A. Lavretsky (Iosif Moiseevich Frenkel) 1934

Milton’s style


Author: A. Lavretsky (Iosif Moiseevich Frenkel);
Written: 1934;
First published: 1934 in Literary Encyclopedia, Volume 7, pp. 314-316;
Source: http://niv.ru/doc/dictionary/literary-encyclopedia/articles/189/milton.htm
Translated by: Anton P.


Milton’s style developed based on elements of Renaissance literature – Italian (Petrarch, Tasso), English (Spencer, Ben-Johnson) and the Reformation with its cult of the Bible and its ideas about biblical heroes. Renaissance poets taught Milton the art of allusion, allegory, the ability to evoke the moods the poet needs.

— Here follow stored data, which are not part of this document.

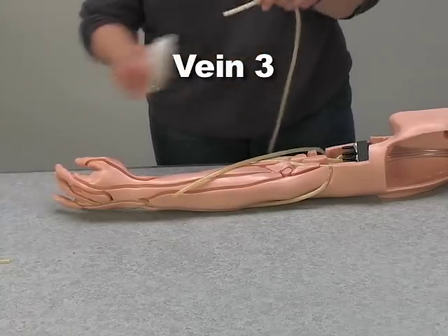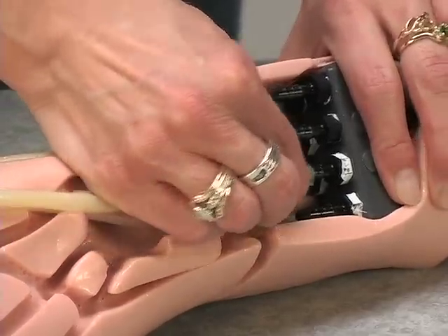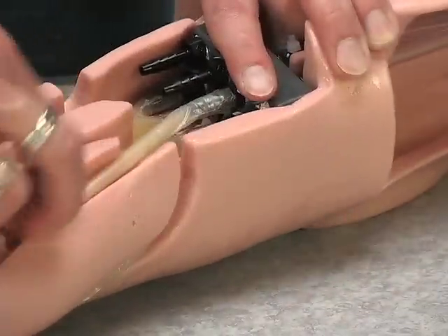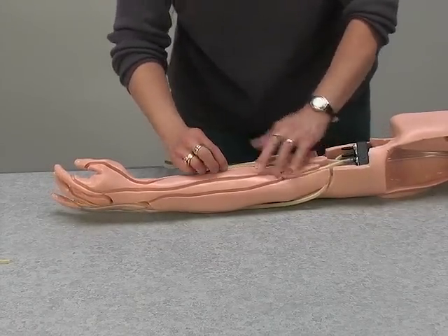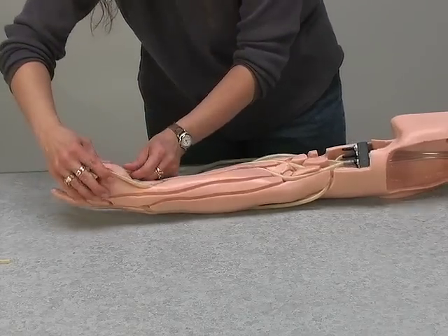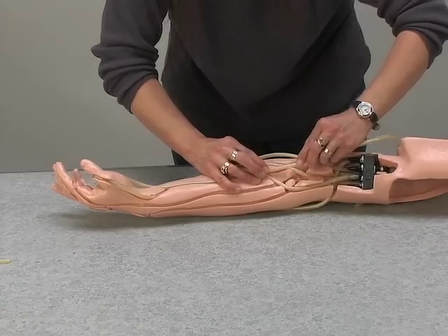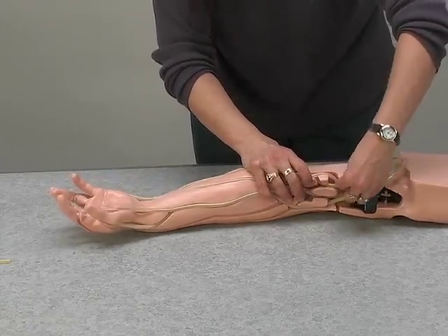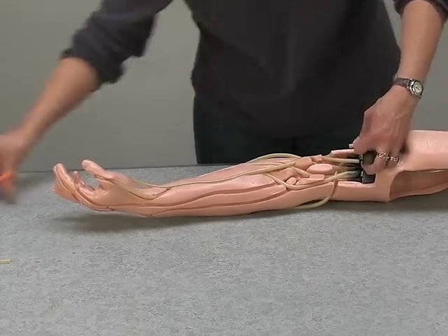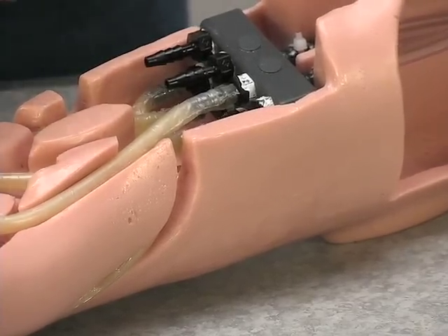Take the third replacement vein, lubricate, and connect to fitting number seven. Work it into the channel down the forearm, around the palm side of the thumb, and back to the end and toward the connector block in the same channel. Pass the vein over the first section of tubing and the second section. Cut the vein to fit, lubricate, and connect to fitting number five.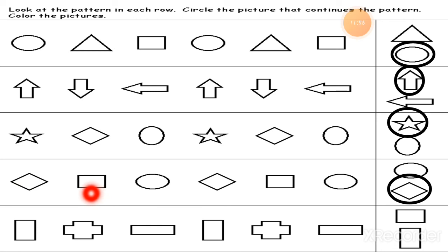Now: rectangle, plus sign, then rectangle in a sleeping position. The first rectangle is in a standing position, then a plus sign, then rectangle in sleeping mode, then rectangle in a slanting way, plus sign, rectangle in sleeping way. So the rectangle will come in the standing position. This way you can complete the pattern. If you observe the pattern carefully, you will easily find out the next answer.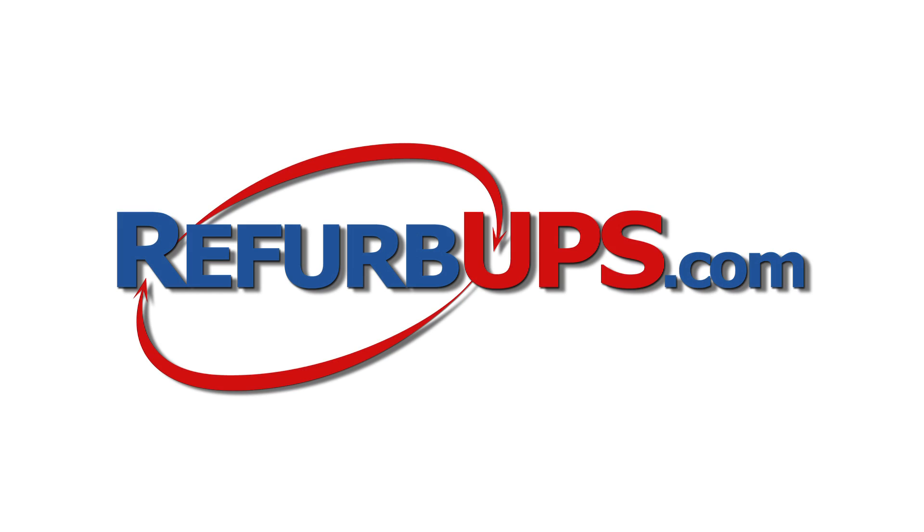Power fails. We don't. RefurbUPS.com. We deliver. Guaranteed.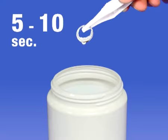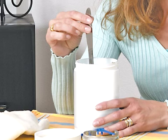Dip the objects into the liquid using the tweezer supplied if necessary. Remove them after 5 to 10 seconds. Long objects, which cannot be completely submerged, must be turned around and dipped again, then rinsed well with water.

The Italian pastoral inspired him with idyllic motifs.

If in the first period of the poetic creativity of Milton the elements of the Renaissance are dominant, then in the second period, when his famous poems were created, the elements of the Bible prevail, in relation to which the first occupy a subordinate place. Still, the place is very significant. The art of allusion, symbolization, mood is widely used in Paradise Lost and Regained, already because of the very specific nature of Protestant poetry and the peculiarities of its tasks.

If Dante, following the trends and traditions of Catholicism, seeks to give the other world a sensual form, to arrange it according to a precisely measured plan, then Milton wants to express the supersensible, evoke in the reader a feeling of a different, mysterious world and thereby create a special mood. The realistic plasticity of Dante does not correspond to this goal. The impression of the mysteriousness of the supernatural world, its incommensurability with the earthly one is achieved by dark allegory, indefinite hyperbolism as a way of depicting the immaterial, not knowing the boundaries of definitely outlined forms. So for example. Satan in Milton is like a leviathan, whom the navigator takes for an island. Milton’s hell is not built according to a plan determined by the exact gradation of torments; he is lost in a fog that hides all limits.

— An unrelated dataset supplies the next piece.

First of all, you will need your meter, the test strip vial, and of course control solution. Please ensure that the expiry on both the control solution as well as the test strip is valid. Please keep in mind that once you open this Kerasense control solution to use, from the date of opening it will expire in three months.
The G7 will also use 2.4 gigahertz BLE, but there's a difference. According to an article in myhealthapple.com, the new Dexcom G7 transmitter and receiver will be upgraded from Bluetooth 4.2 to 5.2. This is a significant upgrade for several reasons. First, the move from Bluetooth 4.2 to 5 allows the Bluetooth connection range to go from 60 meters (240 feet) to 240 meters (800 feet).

Milton does not know Dante’s “linear” style also because he depicts not what has become, but what is becoming, not created, but being created. Dante reflected in his poem the already essentially completed life of the feudal Catholic Middle Ages, Milton reflected the formation of a new world, capitalism. And it is characteristic that his poetic thought gravitates towards the themes of the creation of a new world out of chaos – creation, which for a true revolutionary is a revolution. The idea of ​​becoming is given by metaphors expressing all its uncertainty and variability. Another component of the poem – the idyll of the “first people” – Adam and Eve – would be unthinkable without the Italian pastoral.

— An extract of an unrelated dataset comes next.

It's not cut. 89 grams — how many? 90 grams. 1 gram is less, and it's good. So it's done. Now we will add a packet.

So Milton forced the means of secular poetry of the Renaissance to serve the goals of the spiritual poetry of Puritanism, showing an example of independent creative use of alien literary heritage.

In its plot, Paradise Lost is a religious-heroic poem, in which the idyllic element is subordinated to the element of battle painting. Milton makes extensive use of the battle elements of the Bible, but in order to adapt the plot to new content, Milton often has to interpret the Bible as a hint to be interpreted independently. Here, too, Milton remained an independent, interpreting the word of the Lord at his own peril and risk. The desire to contain the enormous ideological content of the English revolution with all the struggle of ideas of that time both dramatizes the poem and makes it didactic. Oratorical pathos is widely used. The biblical tradition, according to which Satan, so ennobled by Milton, should be condemned, would be in danger of complete perversion, if the aging poet’s disappointment in the ways of the revolution, his dream of a “spiritual” revolution, as more real, was not reflected in the psychology of Satan.

Like Lord Protector Cromwell, the desire for freedom coexisted in Satan with the desire for power, and this makes him a demonic being, which must fall. This construction of the image achieves two goals – artistic and political: the discrepancy between the new content and the old plot of the poem is weakened; receives its assessment of what Milton saw the reasons for the defeat of the revolution.